→ TASK TO CARRY OUT
Retype the whole listing exactly. Leave out pictures.

→ RAW DATA
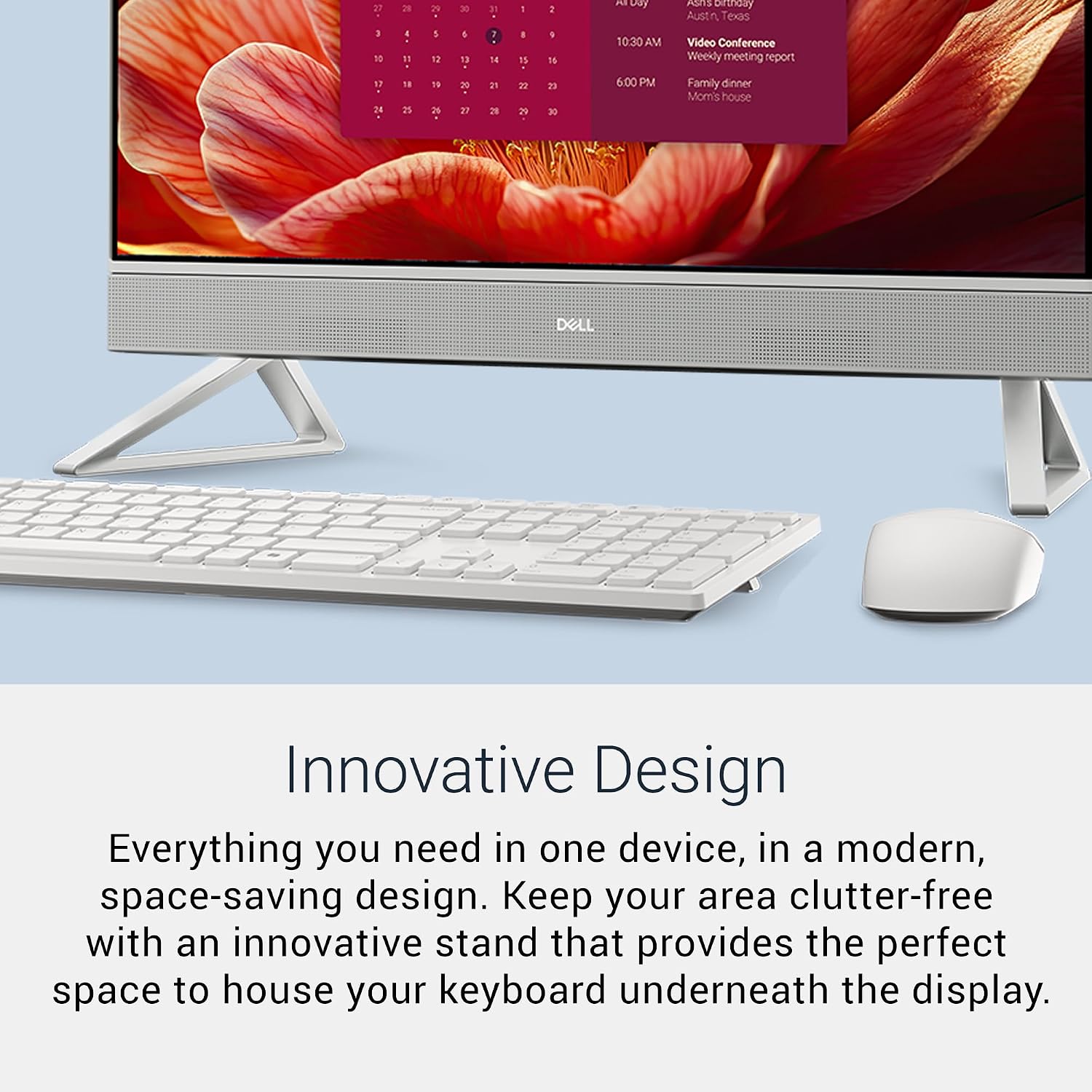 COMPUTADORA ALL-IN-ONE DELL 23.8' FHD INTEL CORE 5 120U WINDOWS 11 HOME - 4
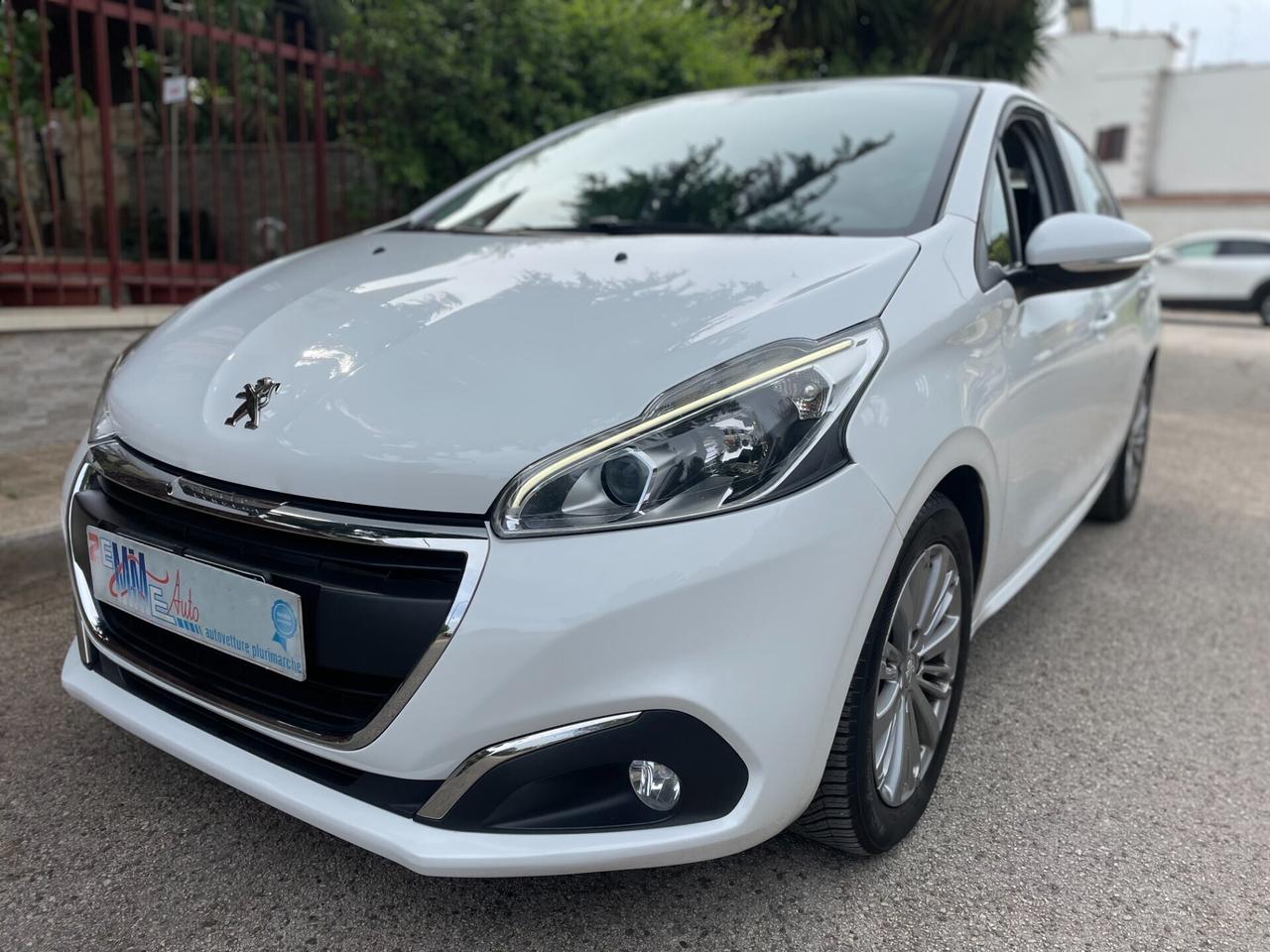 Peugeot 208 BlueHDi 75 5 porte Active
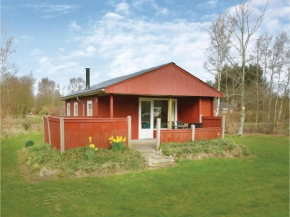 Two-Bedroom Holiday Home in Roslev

→ SOLUTION FOR THIS PROBLEM
 COMPUTADORA ALL-IN-ONE DELL 23.8' FHD INTEL CORE 5 120U WINDOWS 11 HOME - 4
 Peugeot 208 BlueHDi 75 5 porte Active
 Two-Bedroom Holiday Home in Roslev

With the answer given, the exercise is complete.